A crowd of Yellowknifers gathered at the city’s Islamic Centre on Friday to show support for their local community following a tragedy a world away.
Fifty Muslims were killed and several others injured when a white supremacist attacked two mosques in Christchurch, New Zealand last week.
The names of those killed, ranging from just three years old to 71, were read aloud at the vigil on Friday.
Nazim Awan, chair of the Islamic centre in Yellowknife, thanked people for coming and opened with a verse from the Quran.
“‘God created the human race and made us into nations and tribes that we may know each other, not so we can despise each other,’” said Awan.
“We have different tribes, different skin colours, different origins, different languages, different culture. But we’re from same progeny; from Adam and Eve.”
As tragic as the attack in Christchurch was, it is not a new occurrence, he said.
“It has happened in human history due to hate, due to misunderstanding, due to fear,” said Awan.
While it may be easier to ignore these things, we should fight them together.

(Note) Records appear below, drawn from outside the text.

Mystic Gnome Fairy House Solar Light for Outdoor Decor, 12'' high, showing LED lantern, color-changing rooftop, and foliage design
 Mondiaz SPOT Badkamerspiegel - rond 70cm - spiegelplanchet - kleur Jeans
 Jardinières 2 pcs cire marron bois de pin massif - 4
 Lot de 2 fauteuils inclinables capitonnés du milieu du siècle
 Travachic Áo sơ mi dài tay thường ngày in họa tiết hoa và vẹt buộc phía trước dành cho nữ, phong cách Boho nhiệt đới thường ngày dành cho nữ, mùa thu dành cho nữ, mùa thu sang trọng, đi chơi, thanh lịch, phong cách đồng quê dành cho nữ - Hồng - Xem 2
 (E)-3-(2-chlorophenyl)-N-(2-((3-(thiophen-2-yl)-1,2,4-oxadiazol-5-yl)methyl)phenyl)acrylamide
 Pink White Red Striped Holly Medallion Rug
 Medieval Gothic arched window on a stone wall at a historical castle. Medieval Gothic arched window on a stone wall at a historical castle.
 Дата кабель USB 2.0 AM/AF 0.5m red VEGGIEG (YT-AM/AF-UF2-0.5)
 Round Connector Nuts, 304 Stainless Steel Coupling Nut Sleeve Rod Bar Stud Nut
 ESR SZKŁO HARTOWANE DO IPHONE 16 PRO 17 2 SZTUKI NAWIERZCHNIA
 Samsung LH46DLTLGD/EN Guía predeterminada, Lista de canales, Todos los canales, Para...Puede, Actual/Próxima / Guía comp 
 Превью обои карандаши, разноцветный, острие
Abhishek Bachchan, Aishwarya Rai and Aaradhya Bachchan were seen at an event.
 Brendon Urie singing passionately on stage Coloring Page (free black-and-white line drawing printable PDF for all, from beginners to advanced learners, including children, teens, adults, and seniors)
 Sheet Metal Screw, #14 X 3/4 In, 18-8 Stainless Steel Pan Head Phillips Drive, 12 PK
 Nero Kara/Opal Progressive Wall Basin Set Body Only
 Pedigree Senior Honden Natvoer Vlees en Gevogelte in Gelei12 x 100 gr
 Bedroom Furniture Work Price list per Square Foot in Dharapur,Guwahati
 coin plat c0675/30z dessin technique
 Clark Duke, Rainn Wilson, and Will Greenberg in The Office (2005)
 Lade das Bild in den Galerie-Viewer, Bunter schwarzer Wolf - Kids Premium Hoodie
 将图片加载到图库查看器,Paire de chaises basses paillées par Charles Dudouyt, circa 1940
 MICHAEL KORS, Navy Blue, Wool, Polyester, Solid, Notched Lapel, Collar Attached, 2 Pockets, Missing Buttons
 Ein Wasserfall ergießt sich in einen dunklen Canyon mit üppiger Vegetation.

“Remember, Islamophobia kills,” said Awan.
“Islamophobia is a reality. We cannot ignore it and just say this doesn’t exist. It is a reality, even in Yellowknife.”
The way the people and leaders of New Zealand reacted in support of their Muslim community after the attack is an example for others to follow, he said.
“They said you are not others. You are us. That is the message we have to take.”
Tee Lim, who called himself a ‘kiwi in Somba K’e’, organized the event ‘Love and Solidarity: Sǫǫ̀mbak’è Vigil for Christchurch.’
“We should all feel safe wherever we choose to make our homes,” said Lim.
“We grieve with you, we mourn with you and we stand with you.”
Lim reminded the crowd that they were on Chief Drygeese territory, the traditional land of the Yellowknives Dene people.
“If you’re not indigenous to a place, then you’re an immigrant, just like me,” said Lim.
Islamophobia, anti-immigrant sentiment, white supremacy and racism are all real things, he said.
“They kill and they live with us in this country – meaning in New Zealand, Canada and elsewhere – and they need to be challenged,” said Lim.
Yellowknife mayor Rebecca Alty also offered support to the Muslim community on behalf of the city.
“The tragedy in New Zealand feels like a world away and yet it has touched so many of us as we feel the pain of loss and condemn the action of the individual who instigated this hate crime,” she said.
The Muslim community is valued, and is part of what makes Yellowknife so diverse and unique, said Alty.
“We stand with you at this difficult time and support your freedom to practice your faith in peace and tolerance.”